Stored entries
+ + +

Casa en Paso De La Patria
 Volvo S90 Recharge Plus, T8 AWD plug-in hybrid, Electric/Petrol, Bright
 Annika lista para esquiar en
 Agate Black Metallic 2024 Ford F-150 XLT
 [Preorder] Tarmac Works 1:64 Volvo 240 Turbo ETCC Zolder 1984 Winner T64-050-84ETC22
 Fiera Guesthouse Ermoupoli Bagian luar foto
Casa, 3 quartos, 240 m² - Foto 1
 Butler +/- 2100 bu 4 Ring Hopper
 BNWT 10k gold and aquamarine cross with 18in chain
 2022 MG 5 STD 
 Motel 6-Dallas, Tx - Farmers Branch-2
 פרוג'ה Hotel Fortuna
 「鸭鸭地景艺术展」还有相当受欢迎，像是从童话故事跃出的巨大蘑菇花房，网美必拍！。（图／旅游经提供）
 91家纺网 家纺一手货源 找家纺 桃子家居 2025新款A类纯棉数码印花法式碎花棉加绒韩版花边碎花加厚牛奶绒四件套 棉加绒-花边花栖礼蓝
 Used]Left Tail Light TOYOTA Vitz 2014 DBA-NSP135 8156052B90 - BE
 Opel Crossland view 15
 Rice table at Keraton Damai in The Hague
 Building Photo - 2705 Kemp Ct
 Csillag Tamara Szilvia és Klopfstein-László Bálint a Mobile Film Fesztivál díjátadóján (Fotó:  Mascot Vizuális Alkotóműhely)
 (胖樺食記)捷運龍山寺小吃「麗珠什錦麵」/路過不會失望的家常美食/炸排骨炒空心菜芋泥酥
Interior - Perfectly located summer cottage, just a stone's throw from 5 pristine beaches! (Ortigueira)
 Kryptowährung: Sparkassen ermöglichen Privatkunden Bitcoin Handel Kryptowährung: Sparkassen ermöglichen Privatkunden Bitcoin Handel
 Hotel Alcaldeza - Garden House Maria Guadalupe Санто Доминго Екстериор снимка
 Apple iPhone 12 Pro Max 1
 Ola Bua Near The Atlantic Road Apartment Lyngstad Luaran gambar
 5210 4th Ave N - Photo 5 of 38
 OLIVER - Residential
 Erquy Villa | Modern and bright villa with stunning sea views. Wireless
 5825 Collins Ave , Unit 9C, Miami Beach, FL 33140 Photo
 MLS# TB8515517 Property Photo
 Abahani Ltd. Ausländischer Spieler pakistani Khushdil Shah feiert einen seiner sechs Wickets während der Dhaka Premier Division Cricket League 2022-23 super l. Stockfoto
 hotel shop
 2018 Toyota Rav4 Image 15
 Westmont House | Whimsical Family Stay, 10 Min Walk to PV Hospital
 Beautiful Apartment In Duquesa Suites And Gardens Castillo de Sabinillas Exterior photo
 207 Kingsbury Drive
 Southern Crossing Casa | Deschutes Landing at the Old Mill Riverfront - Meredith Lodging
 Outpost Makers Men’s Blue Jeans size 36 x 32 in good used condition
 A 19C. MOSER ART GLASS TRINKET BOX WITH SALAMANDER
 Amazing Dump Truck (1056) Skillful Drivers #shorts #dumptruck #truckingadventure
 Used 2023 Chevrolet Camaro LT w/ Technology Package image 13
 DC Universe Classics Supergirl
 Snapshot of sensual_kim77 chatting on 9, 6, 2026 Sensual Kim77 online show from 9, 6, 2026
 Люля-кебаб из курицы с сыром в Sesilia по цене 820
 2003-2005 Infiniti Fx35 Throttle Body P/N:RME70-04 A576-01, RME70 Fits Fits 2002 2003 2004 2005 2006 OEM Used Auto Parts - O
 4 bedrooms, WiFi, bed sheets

+ + +

**EXERCISE:**
Look above for the line that contains "MLS# TB8515517 Property Photo". Starting there, transcribe every line exactly until you have copied the line that contains "Outpost Makers Men’s".

**TASK OUTPUT:**
 MLS# TB8515517 Property Photo
 Abahani Ltd. Ausländischer Spieler pakistani Khushdil Shah feiert einen seiner sechs Wickets während der Dhaka Premier Division Cricket League 2022-23 super l. Stockfoto
 hotel shop
 2018 Toyota Rav4 Image 15
 Westmont House | Whimsical Family Stay, 10 Min Walk to PV Hospital
 Beautiful Apartment In Duquesa Suites And Gardens Castillo de Sabinillas Exterior photo
 207 Kingsbury Drive
 Southern Crossing Casa | Deschutes Landing at the Old Mill Riverfront - Meredith Lodging
 Outpost Makers Men’s Blue Jeans size 36 x 32 in good used condition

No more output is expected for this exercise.